When Chinese oil giant Sinopec signed a $7.1 billion oil alliance with Repsol Brazil late last year, it’s a good bet that US policymakers groaned. Only the latest in a series of LatAm investments, it highlights the growing influence that China commands in the Nearshore – a region that the US has historically considered its backyard. But not anymore.
China has already usurped the US as the main trading partner of Latin America’s biggest economy, Brazil, and it aims to continue that momentum. While the trade is primarily in energy and natural resources right now, sourcing gurus are wondering whether it can expand into professional services. Read on for more.
Economic clout through a devalued currency
China’s growth this decade has been astounding. Even during the 2009 recession, the country’s GDP was increasing at 9.1%. In fact, Latin America owes much of its resistance to the recession, to trade with China. “In only four years, the region’s exports to China nearly doubled, from $22.3 billion in 2006 to $41.3 billion in 2009, representing a pace far greater than the region’s overall export growth.” says Cynthia Arnson, Director of the Latin American Program at the Woodrow Wilson International Center for Scholars. “In the midst of the international financial crisis, 2009 LAC exports to the United States fell by 26%. That same year however, exports to China grew by 5%.”

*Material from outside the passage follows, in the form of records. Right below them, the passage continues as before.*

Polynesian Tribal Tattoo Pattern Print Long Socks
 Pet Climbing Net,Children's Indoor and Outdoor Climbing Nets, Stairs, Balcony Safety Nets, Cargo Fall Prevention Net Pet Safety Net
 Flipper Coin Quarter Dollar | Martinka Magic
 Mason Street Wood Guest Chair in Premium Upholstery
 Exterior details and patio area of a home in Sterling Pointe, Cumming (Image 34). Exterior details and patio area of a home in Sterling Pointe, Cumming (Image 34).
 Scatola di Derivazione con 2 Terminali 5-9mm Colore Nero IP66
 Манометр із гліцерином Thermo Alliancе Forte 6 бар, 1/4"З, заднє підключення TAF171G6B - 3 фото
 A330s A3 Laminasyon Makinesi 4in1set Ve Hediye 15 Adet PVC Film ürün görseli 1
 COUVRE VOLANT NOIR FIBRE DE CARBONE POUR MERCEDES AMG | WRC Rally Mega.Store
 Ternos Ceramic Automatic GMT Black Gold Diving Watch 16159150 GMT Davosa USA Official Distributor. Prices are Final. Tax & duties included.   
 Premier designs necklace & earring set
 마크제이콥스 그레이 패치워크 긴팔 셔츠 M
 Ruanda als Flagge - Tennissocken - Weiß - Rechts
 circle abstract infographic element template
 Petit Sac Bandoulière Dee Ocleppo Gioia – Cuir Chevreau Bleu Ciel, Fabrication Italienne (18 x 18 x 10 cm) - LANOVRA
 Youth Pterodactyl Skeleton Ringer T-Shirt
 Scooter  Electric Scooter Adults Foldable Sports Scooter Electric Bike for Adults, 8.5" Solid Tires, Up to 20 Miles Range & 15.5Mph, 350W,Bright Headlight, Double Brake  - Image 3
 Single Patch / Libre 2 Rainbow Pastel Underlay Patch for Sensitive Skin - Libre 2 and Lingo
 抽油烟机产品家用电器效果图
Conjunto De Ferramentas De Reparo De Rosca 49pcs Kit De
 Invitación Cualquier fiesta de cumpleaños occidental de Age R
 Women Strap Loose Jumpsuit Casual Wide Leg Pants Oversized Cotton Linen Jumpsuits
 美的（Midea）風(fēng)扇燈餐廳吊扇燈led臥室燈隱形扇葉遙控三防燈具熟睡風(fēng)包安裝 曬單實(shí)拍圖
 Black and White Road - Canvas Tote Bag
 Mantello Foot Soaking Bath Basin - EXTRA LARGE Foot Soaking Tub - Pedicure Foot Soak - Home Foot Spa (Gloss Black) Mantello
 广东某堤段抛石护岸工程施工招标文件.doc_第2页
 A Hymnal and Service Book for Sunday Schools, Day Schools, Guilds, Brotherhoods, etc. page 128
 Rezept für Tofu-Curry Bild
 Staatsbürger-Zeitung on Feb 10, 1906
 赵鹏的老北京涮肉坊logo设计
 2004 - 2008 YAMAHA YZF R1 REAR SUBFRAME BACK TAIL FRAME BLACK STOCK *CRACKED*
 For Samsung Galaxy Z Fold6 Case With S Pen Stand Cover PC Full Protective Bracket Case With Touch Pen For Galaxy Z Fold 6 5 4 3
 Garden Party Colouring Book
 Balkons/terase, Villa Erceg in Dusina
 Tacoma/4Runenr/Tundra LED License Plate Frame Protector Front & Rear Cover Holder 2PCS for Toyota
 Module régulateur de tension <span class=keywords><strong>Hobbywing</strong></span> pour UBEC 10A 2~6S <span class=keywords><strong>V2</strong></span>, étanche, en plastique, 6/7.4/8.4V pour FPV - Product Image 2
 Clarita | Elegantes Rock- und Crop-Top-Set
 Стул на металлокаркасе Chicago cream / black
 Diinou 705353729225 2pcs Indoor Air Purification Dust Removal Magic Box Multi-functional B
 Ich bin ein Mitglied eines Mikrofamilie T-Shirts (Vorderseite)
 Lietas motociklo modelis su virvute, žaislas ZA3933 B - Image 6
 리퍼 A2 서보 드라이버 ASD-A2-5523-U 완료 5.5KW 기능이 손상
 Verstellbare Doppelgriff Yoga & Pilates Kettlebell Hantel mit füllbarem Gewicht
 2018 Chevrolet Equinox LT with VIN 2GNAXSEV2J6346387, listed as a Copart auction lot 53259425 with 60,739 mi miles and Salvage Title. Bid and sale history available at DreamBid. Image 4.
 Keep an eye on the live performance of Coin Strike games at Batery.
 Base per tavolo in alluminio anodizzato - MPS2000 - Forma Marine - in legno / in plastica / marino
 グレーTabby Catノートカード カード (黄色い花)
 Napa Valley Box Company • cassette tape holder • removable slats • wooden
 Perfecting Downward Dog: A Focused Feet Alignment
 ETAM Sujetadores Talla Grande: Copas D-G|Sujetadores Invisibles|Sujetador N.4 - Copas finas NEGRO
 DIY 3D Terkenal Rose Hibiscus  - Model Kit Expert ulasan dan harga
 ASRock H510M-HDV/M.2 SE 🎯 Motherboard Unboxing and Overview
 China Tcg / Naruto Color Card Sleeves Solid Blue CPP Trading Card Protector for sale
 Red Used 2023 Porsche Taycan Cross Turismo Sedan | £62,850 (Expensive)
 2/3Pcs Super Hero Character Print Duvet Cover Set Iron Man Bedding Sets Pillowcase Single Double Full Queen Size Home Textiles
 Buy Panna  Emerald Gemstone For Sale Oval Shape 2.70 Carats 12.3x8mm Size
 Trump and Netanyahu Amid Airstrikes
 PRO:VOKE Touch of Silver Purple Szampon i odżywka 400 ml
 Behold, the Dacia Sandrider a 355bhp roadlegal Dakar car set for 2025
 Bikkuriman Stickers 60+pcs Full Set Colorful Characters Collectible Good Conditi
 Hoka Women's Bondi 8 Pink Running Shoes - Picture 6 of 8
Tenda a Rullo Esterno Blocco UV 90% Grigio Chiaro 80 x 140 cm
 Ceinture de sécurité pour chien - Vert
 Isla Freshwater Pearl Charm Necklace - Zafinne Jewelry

Much of China’s growth is due to its undervalued currency in order to promote cheaper trade. In recent years the country has brokered agreements and offered interest at rates much lower than the US can match, and so has become the most useful trading partner for many developing LatAm economies looking to export internationally.
But it may not be all roses for long. In a recent 60 Minutes interview, US Fed Chairman Ben Bernanke said that China is “risking inflation” in its own economy by not allowing its currency to appreciate. That view was echoed by Alsbridge CEO Ben Trowbridge in a recent Nearshore Americas interview. He told us that China is off his radar for the moment, “mainly because their currency inflation jumped. I think the cost of labor in China for BPO and IT work will rapidly become similar to the US.”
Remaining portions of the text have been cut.